他回过头,阳光照在他的侧脸上,勾勒出一种冷硬的轮廓。
“今晚还要来找我吗?”你问。
他看着你,嘴角勾起一抹似笑非笑的弧度:“看你自己,想不想睡。”
说完,他转身上了另一匹马。马蹄声响起,他骑马向远处的官道奔去。
你站在路边,看着他的背影逐渐变小,最后消失在尘土飞扬的街道尽头。
风又起了,吹乱了你的发丝。你深吸了一口气,空气里混合着尘土和马车铁器的味道。
你转身,走向那辆黑色的马车。你没有上车,而是站在原地,看着那行“三日后,赴京”的字样在脑海中浮现。

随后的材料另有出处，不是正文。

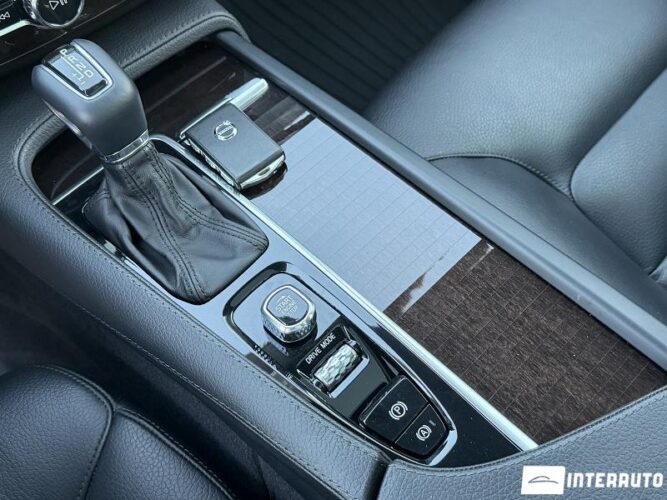 volvo XC 90 2019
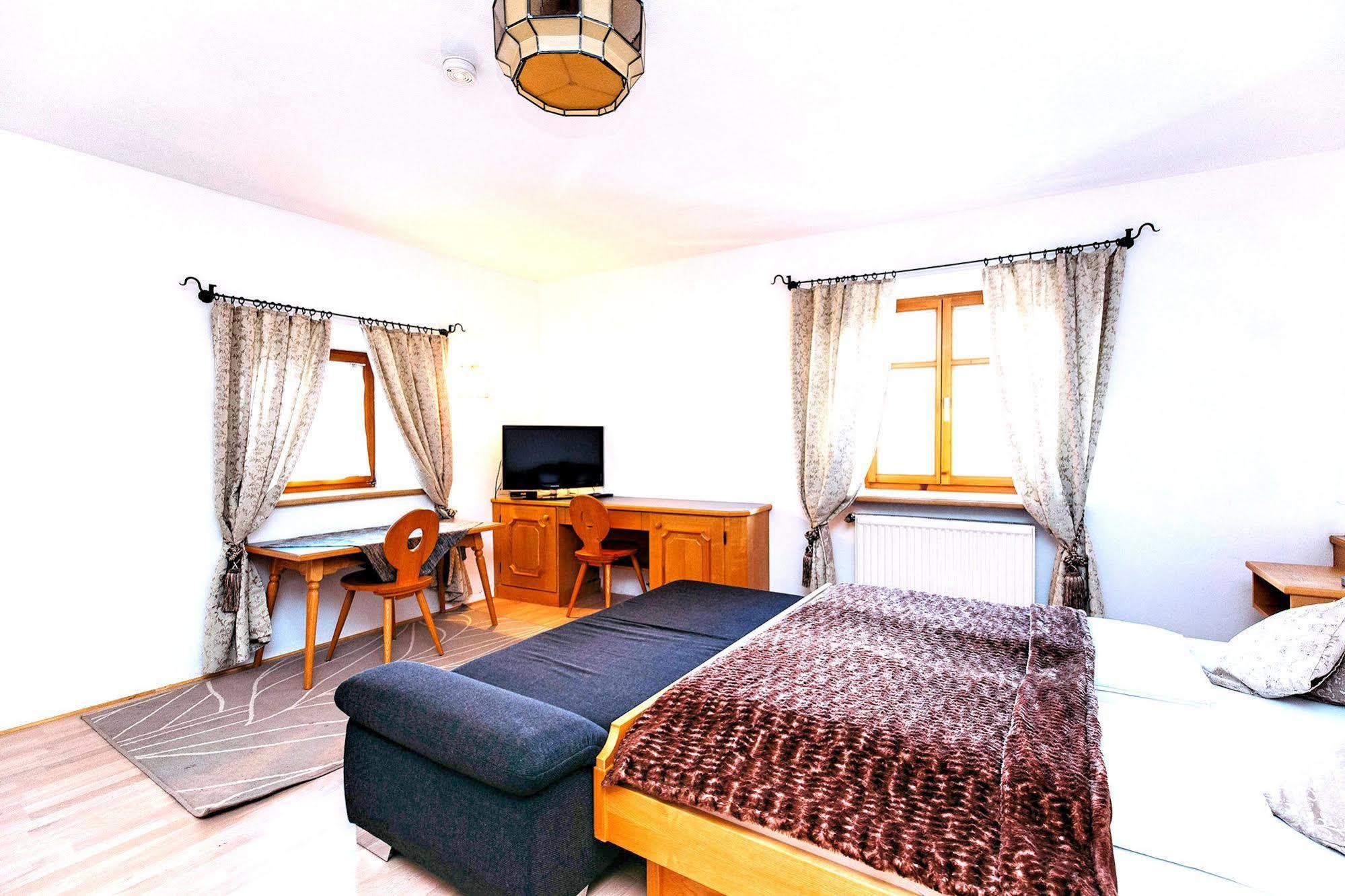 Gasthof Zum Schupfen Hotel Innsbruck Luaran gambar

你突然明白,这三日不是期限,而是缓冲。不是为了让你准备行李,而是为了让你们在最后的分离前,确认彼此还能剩下什么。
车夫敲了敲车厢,示意你上车。
你坐进去,车厢里铺着厚厚的羊毛毯,软和却有些闷。你靠在椅背上,闭上眼睛。
身体里的痛楚还在,那种被填满后的痕迹,依然像是一层薄膜,包裹着你的心。你知道,明日之后,你会住进那座新的宅子。那里会有侍女,会有规矩,会有无尽的等待。
而他,会在那座宅子的书房里,继续写他的信,继续做他的官,继续他的“情深不寿”。
但你知道,在这个瞬间,在这个离别的清晨,在这个充满尘土的车窗外,你们依然是真实的。
你伸出手,摸向自己的脸颊,那里有些湿润。
车行渐远,你仿佛听到身后那扇门关合的声音,像是某种仪式的终结。
“三日后……”你喃喃自语,“赴京。”
这不再是一封写给别人的信,这是写给未来的判词。
车帘微微晃动,透过缝隙,你看到路边的柳树已经发芽了。
那是春天的信号,也是新生的开始。
你知道,这漫长的旅途,才刚刚开始。而你不再是那个掖庭里的过客,你是那个愿意为了片刻温存,赌上余生的人。
祝昀霆的马蹄声远远传来,像是某种回音,敲击在你的耳膜上。
你闭上眼,嘴角微微上扬。
这一次,你不是为了被填满,你是为了去填满他。
马车继续在平坦的官道上行驶,车轮碾过碎石,发出细微的声响。你听着这声音,像是听着自己心跳的节奏。
这声音越来越慢,越来越平稳。
直到最后,只剩下一种单调而重复的韵律,像是某种古老的咒语,将你带向一个未知的、充满未知的明天。
你不再去想那本线的书,也不再想那封信。你只记得昨晚那种痛,那种痛里藏着爱,藏着恨,藏着活着的实感。
那是唯一的真实。
窗外,日头越来越高。
你伸出手,透过窗帘的缝隙,触碰到了第一缕真正的阳光。